Cybercriminals are attempting to trick Indian users into disclosing sensitive personal details, according to a new report released on Monday. Suspicious messages asking users to send an application for the disbursement of an income tax refund have been circulating, with a connection that directs users to a webpage that looks similar to the income tax e-filing website. According to an investigation by the New Delhi-based think tank CyberPeace Foundation, hackers have launched a phishing scam targeting Indian bank customers. This includes the State Bank of India, ICICI, HDFC, Axis Bank, and Punjab National Bank.
The report states that the suspicious links originate in the United States and France, and the campaign is gathering personal and banking information from users. Falling into this trap could result in a major financial loss for users.
How does the scam work?
The URL shared through the SMS has no domain name and is unrelated to the Indian government. According to the report, all IP addresses associated with the initiative belong to third-party dedicated cloud hosting providers.
Instead of using the encrypted HTTPS protocol, the entire campaign uses plain HTTP. This ensures that everyone on the network or the internet can intercept traffic and obtain sensitive data in plain text, which they can use against the victim.
The SMS contains instructions to download an app from a third-party source rather than from Google Play. The program demands administrator privileges and unnecessary system control permissions.
Users are routed to a landing page that looks a lot like the government’s e-filing website when they click on the link http://204.44.124[.]160/ITR. Users are asked to enter personal details such as their full name, PAN, Aadhar number, address, pin code, date of birth, mobile number, email address, gender, marital status, and banking information such as account number, IFSC code, card number, expiry date, CVV/CVC, and card PIN after clicking the green ‘Proceed to the verification steps’ button. The bank name is also automatically detected using the IFSC code entered in the form.

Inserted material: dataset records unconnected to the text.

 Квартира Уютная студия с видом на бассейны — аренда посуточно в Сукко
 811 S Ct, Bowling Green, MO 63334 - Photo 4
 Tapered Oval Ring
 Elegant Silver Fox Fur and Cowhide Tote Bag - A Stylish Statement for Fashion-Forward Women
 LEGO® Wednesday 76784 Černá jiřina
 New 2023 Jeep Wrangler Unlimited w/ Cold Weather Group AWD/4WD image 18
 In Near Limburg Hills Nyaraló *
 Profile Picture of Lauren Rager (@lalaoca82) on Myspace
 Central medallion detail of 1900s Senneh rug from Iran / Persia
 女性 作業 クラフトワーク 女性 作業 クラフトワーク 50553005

Users are guided to a page after submitting details, where they are asked to validate the information they have entered. When users click the green ‘confirm’ button, they are taken to a fake banking login page that looks almost identical to the official one. It requests your online banking username and password.
After these details have been entered, users will be prompted to enter a Hint question, Response, Profile password, and CIF number in the next stage. Following submission, a mobile verification section appears, with instructions for installing an Android application (.apk file) to finish the ITR verification. Investigations revealed that users are expressly advised to grant all system permissions to the relevant application. When you click the green ‘Download’ icon, the application Certificate.apk begins to download. According to the report, the overall layout and functionalities of the web page used in the campaign are close to those of the official e-filing site to entice laypeople.